#### Collected data
^^^^

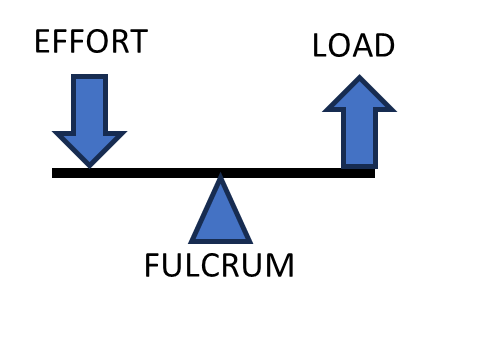 qualifications needed to be an electrician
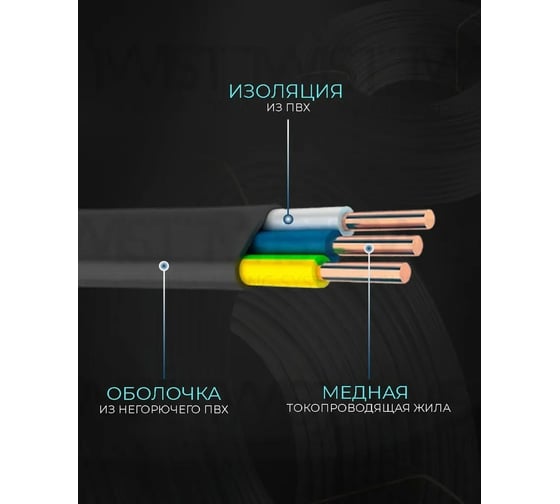 Кабель TWIST ВВГ-Пнг-LS 3х2,5 ок ГОСТ 20 м TWST-VVG-PNG-LS-3-2.5-20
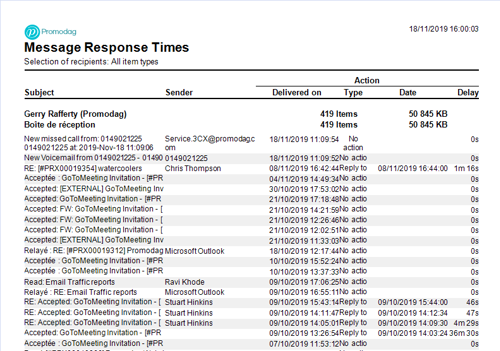 Detailed report on email response time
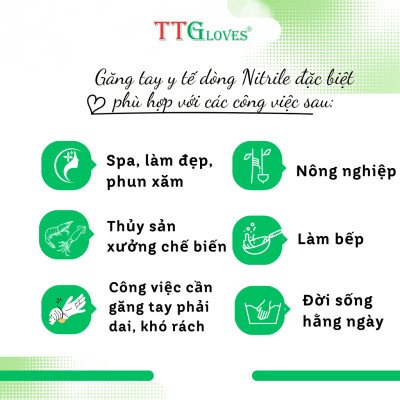 Găng Tay Y Tế Size M Không Bột Nitrile Màu Đen TTGLOVES (100 chiếc)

^^^^

#### Required work
Restate the data word for word, minus any images.

#### Exercise answer
 qualifications needed to be an electrician
 Кабель TWIST ВВГ-Пнг-LS 3х2,5 ок ГОСТ 20 м TWST-VVG-PNG-LS-3-2.5-20
 Detailed report on email response time
 Găng Tay Y Tế Size M Không Bột Nitrile Màu Đen TTGLOVES (100 chiếc)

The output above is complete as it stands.